My friend, Donna, and I both have grown children. She has three daughters. I have three daughters and one son. We are both grandmothers. I live in Los Angeles, and she lives in Las Vegas, so we don’t see each other very often, but we talk on the phone frequently, especially when one or both of us feels the need to vent about the kids and grandkids. Recently Donna made the statement “We are only as happy as our unhappiest child.” In theory, that sounds like something a loving, nurturing mother would say. After all who is going to be dancing a jig and singing “Oh Happy Day” if one (or even worse, several) of our kids is miserable. The problem is the more children you produce, the better the chance that at least one of them is unhappy, whether it is a short term malaise or a valley that stretches for many miles. Obviously all of my kids are far younger than me, so they have a better chance of their happy days outnumbering their unhappy ones, and, besides their angst, I have some well-earned angst of my own. The fact is I have a personality that is two distinct sides of a coin. I can be quite chipper and prone to counting my blessings, or I can be fairly morose, and equally prone to counting my problems. Because I don’t want to shuffle along in a haze of misery, I have learned to take charge of and be pretty proactive about my own contentment, but there are many days when I have to work at it, because my life, for the most part, does not resemble a Norman Rockwell painting, and my default setting tends more to coming unglued than peaceful serenity. I am usually able to cut off cluttered thoughts at the pass, but if I were to ponder my children’s potential unhappiness (and for that matter, the collective unhappiness of the world), I would be a raw nerve gushing a geyser of misery. What if my kids took turns being unhappy rather than at least having the consideration to all be miserable in one fell swoop? If that happened, I could be content for the brief period of time it took one to recover, only to be mowed over like a field of grass when another called to recount their tale of woe.

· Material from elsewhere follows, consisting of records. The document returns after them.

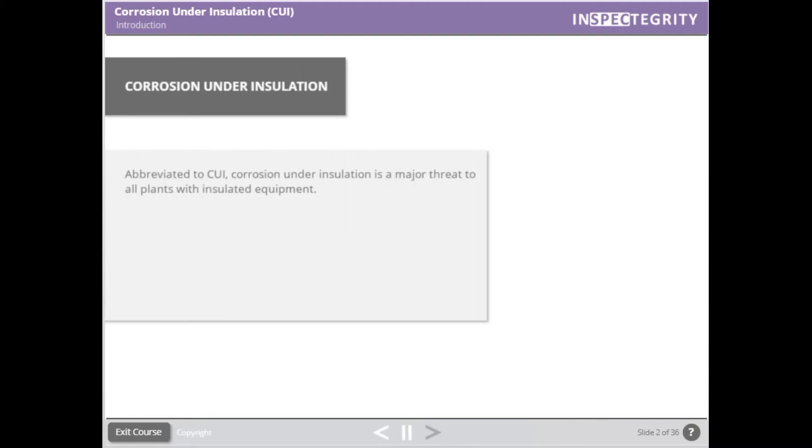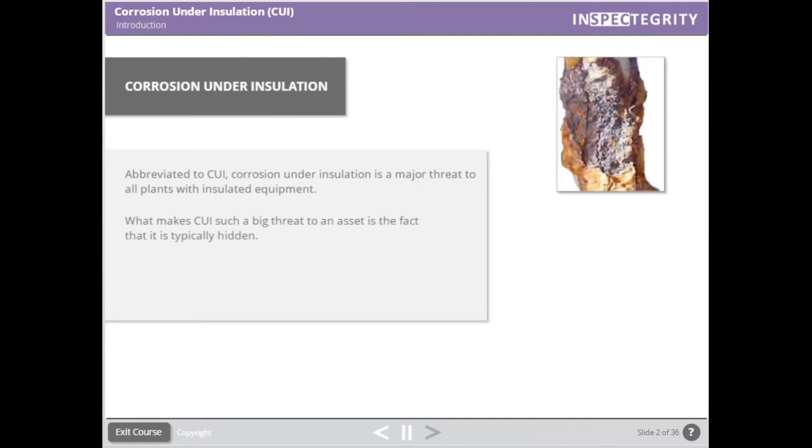Abbreviated to CUI, corrosion under insulation is a major threat to all plants with insulated equipment. What makes CUI such a big threat to an asset is the fact that it is typically hidden.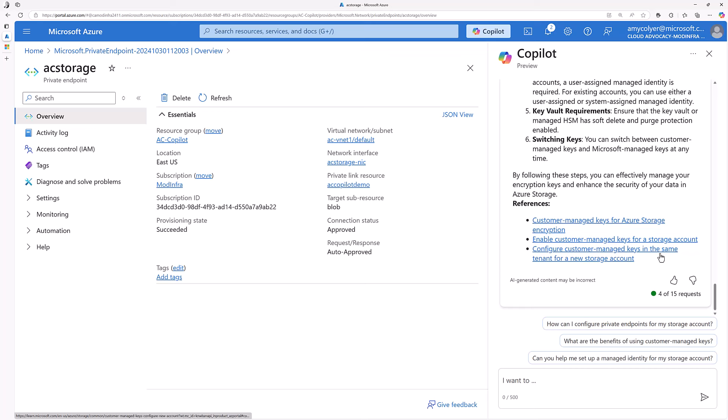You can search the web, but Copilot is right there in the pane helping you along in the portal. It can provide this comprehensive view of security settings that are normally across different blades in the portal. So it really makes it easier for admins to manage and secure things like their storage accounts.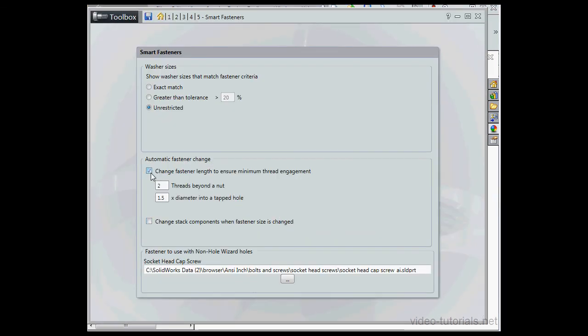I'm going to check Change Fastener Length to ensure minimum thread engagement. I'll also check Change Stack Components when fastener size is changed.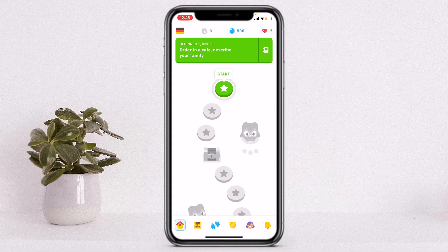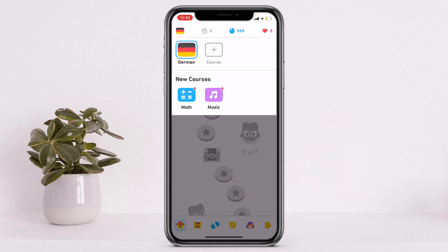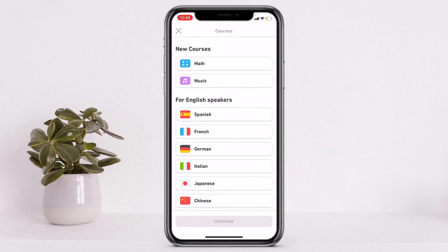Once you sign in and create an account on Duolingo, if you want to learn a new language, all you have to do is tap on the top left corner of your screen. You can see a plus icon labeled as 'Course'. Simply tap on Course and from here you can select which language you want to learn.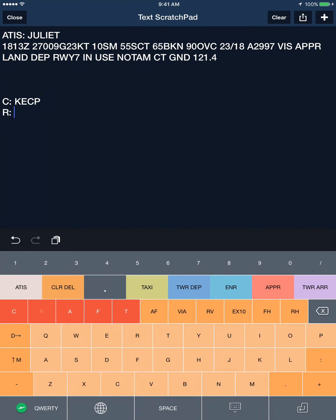Touch the R to place the route. If you're lucky, it'll be something as easy as As Filed or Via Radar Vectors. However, if you need a more complicated route, you can use the QWERTY keyboard to type.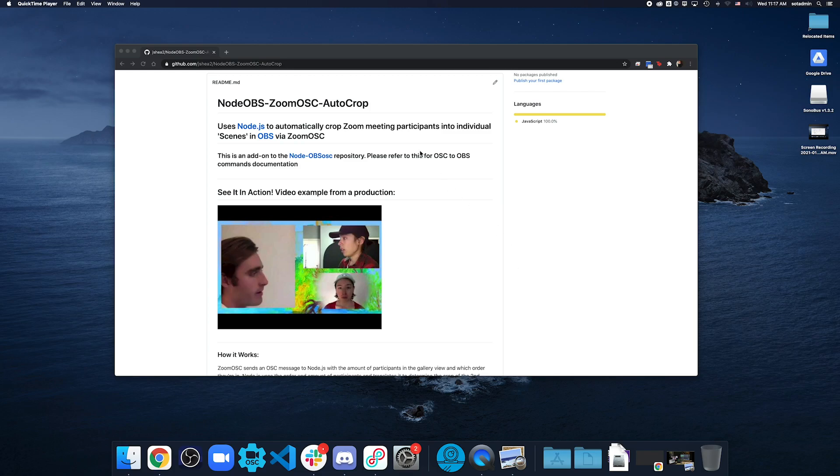Hello, everyone. Today in this video, I'm going to show you how to install and use Node OBS Zoom OSC autocrop.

Fortunately my children are private people, far more private than me, in fact, so I don’t know every time they are unhappy, and if I did have “mommy radar” about those issues, I would be forced to disable it, because both of us being unhappy would not solve anything.
I probably wouldn’t be belaboring all this, but I just read an article in a women’s magazine where the author trotted out that same statement as my friend, Donna. “You are only as happy as your unhappiest child.” This woman totally lost credibility with me in the next paragraph when she recounted how all four of her children were doing well in their professional and personal lives. Apparently three are deliriously happily married and one of them is over the moon joyfully engaged. To that lady I say, write a similar article when one of your children is homeless, one is in rehab, one is in the process of a tumultuous divorce and one is miserably employeed as a pizza delivery person with three kids to support. Then I might take you more seriously. In the meantime, I am throwing that statement out the window and coming up with a new one. “Adult kids are only as happy as their mama,” so keep those compliments and gifts coming, cause if mama ain’t happy, ain’t nobody happy.